Existing video compression techniques often struggle to efficiently handle complex, dynamic scenes, particularly in bandwidth-constrained environments such as satellite imaging. Traditional methods may unnecessarily encode high-frequency details that are perceptually insignificant while failing to accurately represent more important scene elements and their transformations over time. High-frequency textures like ripples on water surfaces consume significant bandwidth without adding meaningful information to the viewer. Scenes with a high degree of background motion, combined with a high degree of motion, such as scenes captured from a camera on a moving platform e.g. an airplane, drone or satellite really struggle.
There is thus a present need for a data compression method and apparatus that greatly reduces the data transmission and/or storage requirements in comparison with conventional compression methods. There is especially a present need for a video compression method and apparatus that greatly reduces the data requirements of the I-frame in conventional compression methods.
Embodiments of the present invention relate to a data compression method including obtaining a representation of an actual scene with a sensor, generating a representation of an expected scene with a model, comparing the representation of the actual scene with the representation of the expected scene, and obtaining difference data from the comparison, the difference data representing a difference between the representation of the actual scene and the representation of the expected scene. Obtaining difference data comprises ignoring differences between the representation of the actual scene and the representation of the representation of the expected scene that are determined to be unimportant information. Unimportant information can include high-frequency, low-relevance texture data. The method can include replacing at least some of the unimportant information with representative texture data that is pre-modeled and pre-stored.

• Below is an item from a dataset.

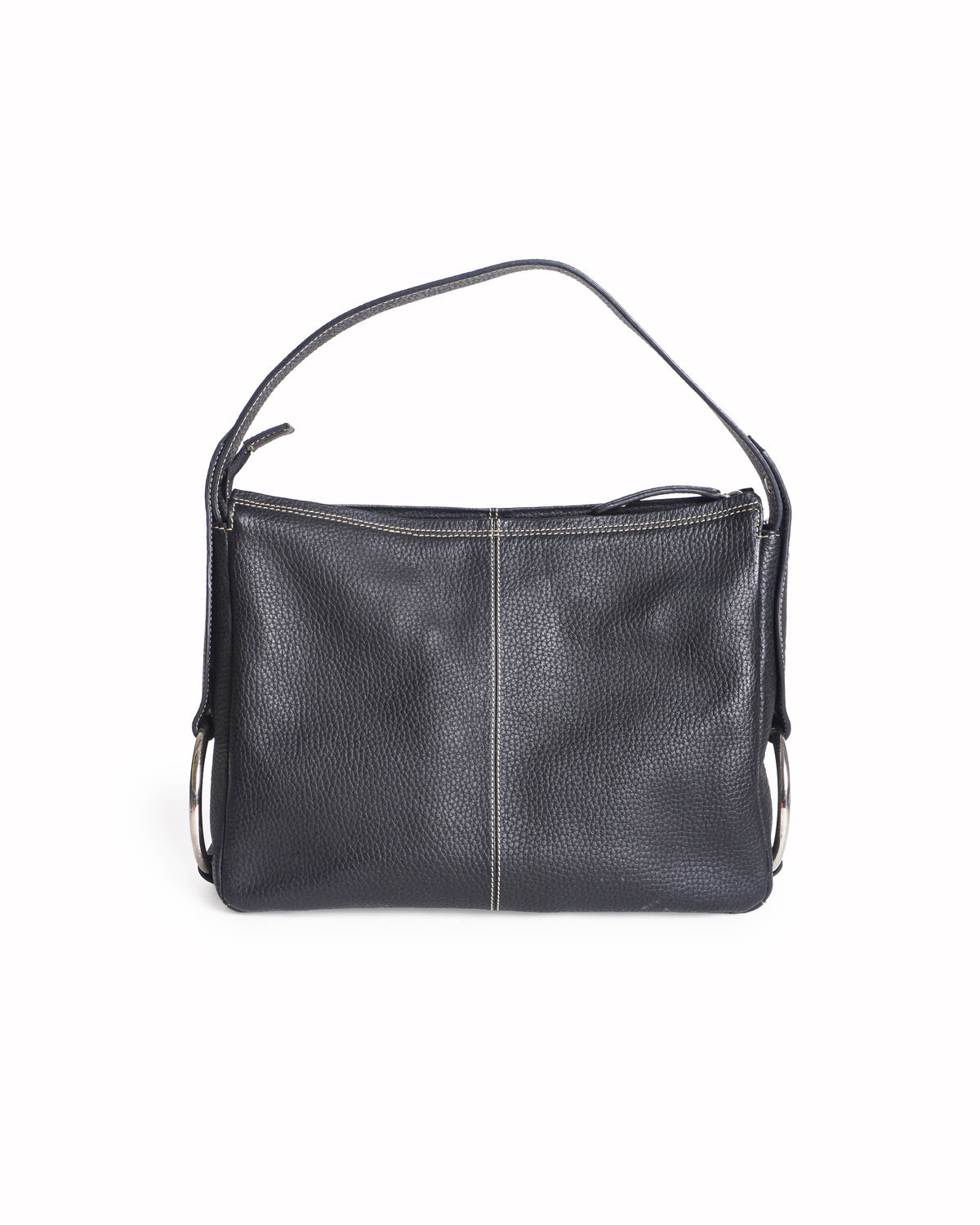Tod's Black Pebbled Leather Contrast Stitched Shoulder Bag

In one embodiment, at least some of the difference data can be used to form a region of interest, that is a subset of the generated representation of an expected scene, for subsequent compression using either intra-frame compression or inter-frame compression in a temporal compression method. The method can also include storing or transmitting at least some of the difference data. In one embodiment, the method does not include transmitting or storing an entirety of the representation of the actual scene when the difference data does not include the entirety of the representation of the actual scene. The method can also include decompressing data by receiving or otherwise obtaining the at least some of the difference data and creating a recipient-generated representation of the expected scene with the at least some of the difference data, at least some metadata that describes how difference data was obtained, and a prior copy of the model. In one embodiment, the at least some of the difference data does not include difference data that was determined to be unimportant information. The method can also include applying indicia on or about an area of the recipient-generated representation of the expected scene to highlight or otherwise identify the at least some of the difference data.
Optionally, generating a representation of an expected scene can include using a 3D rendering engine that models the sensor. Generating a representation of an expected scene can include using a 3D rendering engine that models the characteristics of the representation of the actual scene. Generating a representation of an expected scene can optionally include applying or otherwise accommodating one or more of sensor resolution, frame rate, exposure time, sensor type and/or a combination thereof. The method can also include updating the model. Optionally, generating a representation of an expected scene with a model can include generating a representation of an expected scene with a model for a predetermined application, wherein the model is constructed with one or more predetermined likely to be present objects and shapes and wherein the predetermination comprises not choosing objects or shapes that are not likely to be encountered in the predetermined application.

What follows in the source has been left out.